Guthrie, Not Millwood, May Be Orioles’ Most Tradable Pitcher

Baltimore acquired Kevin Millwood last December so he could provide some veteran leadership to their young staff, but even at the time of the trade, there were whispers that Millwood could soon be on the move again.  It made sense that a rebuilding team like the Orioles might try to flip Millwood in a midseason deal for prospects, and Baltimore's poor start to the season has made the right-hander even more expendable.

As FOX Sports' Ken Rosenthal points out, however, Millwood might not even be the most attractive trade asset on Baltimore's staff.  Jeremy Guthrie has a lower ERA (3.71 to Millwood's 4.64), a lower WHIP (1.13 to 1.44) and is very close to Millwood in K-BB ratio (2.41 to Millwood's 2.65).  Perhaps more importantly for interested teams, Guthrie isn't a free agent until after the 2012 season and has about $1.9MM left to earn of his $3MM salary for this season.  A team that deals for Millwood, on the other hand, will owe him approximately $7.57MM remaining on his $12MM 2010 salary.  (Texas paid Baltimore $3MM of that salary when trading Millwood over the winter, but it's unknown if the O's would send a representative portion of that money to a trade partner.)  Millwood is also a free agent after this season.

More and more contending teams are shying away from acquiring older rent-a-players at the cost of valuable prospects, and thus Millwood may not be able to pull in the young talent that the Orioles want.  Guthrie's younger age (31), pedigree (he was a first-round pick for the Indians in the 2002 draft) and potential upside might convince a team to part with a decent prospect or two.  Rosenthal notes that Guthrie's situation makes him more attractive to the O's too, but given Baltimore's struggles, it's hard to see them turning down a good offer on any veteran player.


6 Responses to Guthrie, Not Millwood, May Be Orioles’ Most Tradable Pitcher Leave a Reply

  1. Yankees420 5 years ago

    The O’s should definitely deal Guthrie, his value will only decrease as he gets closer to FA, and thus becomes more expensive to retain. They could probably get one or two top 10-15 prospects from someone if McPhail handles it right.
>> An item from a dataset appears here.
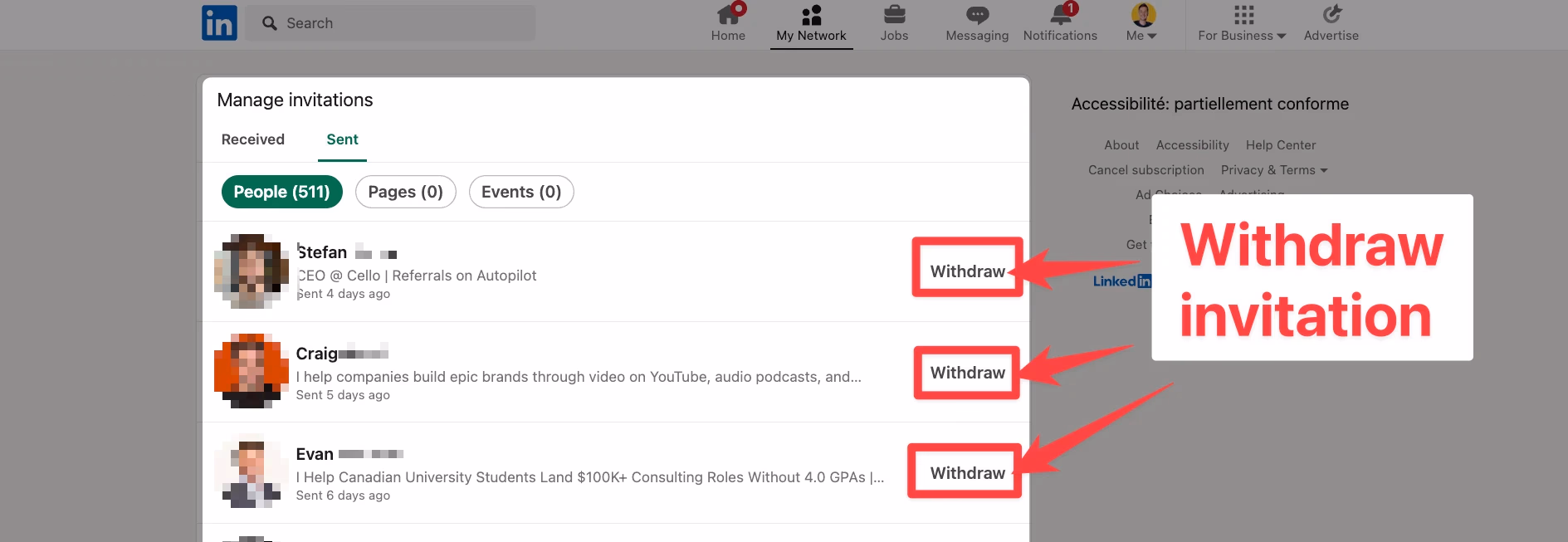 Withdraw connections requests on LinkedIn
  2. Civilization 5 years ago

    Selling this. Millwood’s ERA is reflecting an abnormal amount of home runs surrendered. 16.2% HR/FB ratio compared to his career high of 10.6%. When this adjusts Millwood’s numbers will be more appealing then Guthrie. Note the difference in xFIP between the two.
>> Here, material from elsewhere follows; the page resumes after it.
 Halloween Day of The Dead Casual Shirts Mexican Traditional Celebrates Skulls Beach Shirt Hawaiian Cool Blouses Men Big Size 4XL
    Guthrie might be a better investment but the argument made is counter intuitive to the idea. Teams are less likely to give up prospects for rent-a-player older players, and while Guthrie may not be a rent-a-player he’s no spring chicken. And the price tag for Millwood isn’t going to be much compared to a Guthrie. Teams will take a flier on a salary dump of Millwood before considering adding Guthrie.
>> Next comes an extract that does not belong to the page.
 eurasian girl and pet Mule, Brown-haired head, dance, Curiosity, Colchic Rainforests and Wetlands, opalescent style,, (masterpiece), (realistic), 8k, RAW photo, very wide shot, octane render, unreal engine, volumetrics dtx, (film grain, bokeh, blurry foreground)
    • Yankees420 5 years ago

      Guthrie isn’t that old, he’ll turn 32 at the start of next season, while Millwood is already 35. Also I don’t think his salary will get that high, maybe 5-7MM next year and ~9MM in 2012, which isn’t a bad price to pay if his production is ~180IP near a 4ERA (or even lower if an NL team acquires him.) All in all, I don’t think Guthrie is as good as he is now but I do believe he will fetch more in a trade than Millwood.

      • Civilization 5 years ago

        Exactly. While Guthrie isn’t that old, he’s at that age where you expect to see that downward slope of production to appear. Combined with a reasonable contract that has team control past this year and probably a midlevel contract would resign him, the prospects involved would be a bit pricey. We’re not talking top level guys, but it’ll take a B level prospect or two. Where as Millwood could be had for a warm body and half his prorated salary.

        Either a team can send the Os a warm body and about 3.5 million or send them a B and C level prospect to get Guthrie…

        • Yankees420 5 years ago

          I agree, and maybe someone like the Cards that are looking for pitching might prefer Guthrie because he can be a relatively cheap innings eater in the #4 slot for more than just this season. I don’t know if they want to take the hit to the farm but if they can work something out that they agree with then they basically have their rotation for next season and can concentrate on resigning Pujols. Just a thought.

  3. aap212 5 years ago

    Really? The younger, cheaper, more durable, and team controlled pitcher is more appealing? Tell us more, Professor Rosenthal.